David Iben put it well when he said, 'Volatility is not a risk we care about. What we care about is avoiding the permanent loss of capital.' When we think about how risky a company is, we always like to look at its use of debt, since debt overload can lead to ruin. We note that Clean Seed Capital Group Ltd. (CVE:CSX) does have debt on its balance sheet. But the more important question is: how much risk is that debt creating?
When Is Debt Dangerous?
Debt assists a business until the business has trouble paying it off, either with new capital or with free cash flow. In the worst case scenario, a company can go bankrupt if it cannot pay its creditors. However, a more usual (but still expensive) situation is where a company must dilute shareholders at a cheap share price simply to get debt under control. By replacing dilution, though, debt can be an extremely good tool for businesses that need capital to invest in growth at high rates of return. When we examine debt levels, we first consider both cash and debt levels, together.
What Is Clean Seed Capital Group's Net Debt?
As you can see below, Clean Seed Capital Group had CA$2.38m of debt at June 2020, down from CA$3.62m a year prior. But on the other hand it also has CA$3.20m in cash, leading to a CA$817.5k net cash position.
How Healthy Is Clean Seed Capital Group's Balance Sheet?
According to the last reported balance sheet, Clean Seed Capital Group had liabilities of CA$2.16m due within 12 months, and liabilities of CA$1.43m due beyond 12 months. Offsetting this, it had CA$3.20m in cash and CA$24.5k in receivables that were due within 12 months. So its liabilities outweigh the sum of its cash and (near-term) receivables by CA$362.4k.
Having regard to Clean Seed Capital Group's size, it seems that its liquid assets are well balanced with its total liabilities. So while it's hard to imagine that the CA$23.0m company is struggling for cash, we still think it's worth monitoring its balance sheet. While it does have liabilities worth noting, Clean Seed Capital Group also has more cash than debt, so we're pretty confident it can manage its debt safely.
Although Clean Seed Capital Group made a loss at the EBIT level, last year, it was also good to see that it generated CA$2.7m in EBIT over the last twelve months. When analysing debt levels, the balance sheet is the obvious place to start. But ultimately the future profitability of the business will decide if Clean Seed Capital Group can strengthen its balance sheet over time. So if you're focused on the future you can check out this free report showing analyst profit forecasts.

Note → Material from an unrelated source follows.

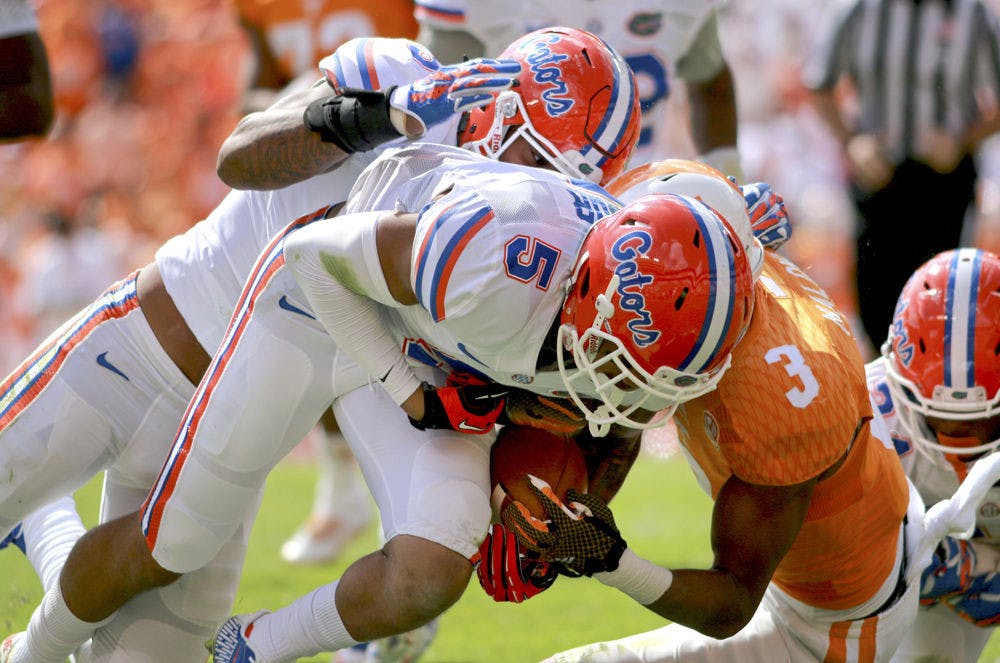 Freshman cornerback Jalen Tabor tackles Tennessee wide receiver Josh Malone during Florida's 10-9 victory against Tennessee on Saturday at Neyland Stadium in Knoxville.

Finally, a business needs free cash flow to pay off debt; accounting profits just don't cut it. While Clean Seed Capital Group has net cash on its balance sheet, it's still worth taking a look at its ability to convert earnings before interest and tax (EBIT) to free cash flow, to help us understand how quickly it is building (or eroding) that cash balance. In the last year, Clean Seed Capital Group's free cash flow amounted to 49% of its EBIT, less than we'd expect. That weak cash conversion makes it more difficult to handle indebtedness.
We could understand if investors are concerned about Clean Seed Capital Group's liabilities, but we can be reassured by the fact it has has net cash of CA$817.5k. So we are not troubled with Clean Seed Capital Group's debt use. The balance sheet is clearly the area to focus on when you are analysing debt. However, not all investment risk resides within the balance sheet - far from it. Consider for instance, the ever-present spectre of investment risk. We've identified 4 warning signs with Clean Seed Capital Group (at least 1 which is potentially serious) , and understanding them should be part of your investment process.

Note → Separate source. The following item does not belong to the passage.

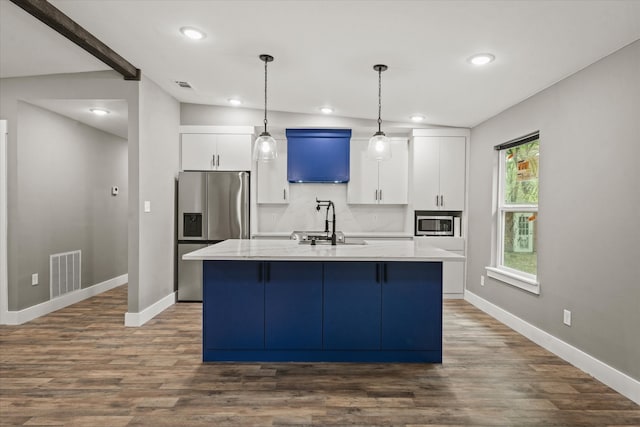 kitchen featuring a kitchen island with sink, appliances with stainless steel finishes, lofted ceiling, and dark hardwood / wood-style flooring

Of course, if you're the type of investor who prefers buying stocks without the burden of debt, then don't hesitate to discover our exclusive list of net cash growth stocks, today.
This article by Simply Wall St is general in nature. It does not constitute a recommendation to buy or sell any stock, and does not take account of your objectives, or your financial situation. We aim to bring you long-term focused analysis driven by fundamental data. Note that our analysis may not factor in the latest price-sensitive company announcements or qualitative material. Simply Wall St has no position in any stocks mentioned.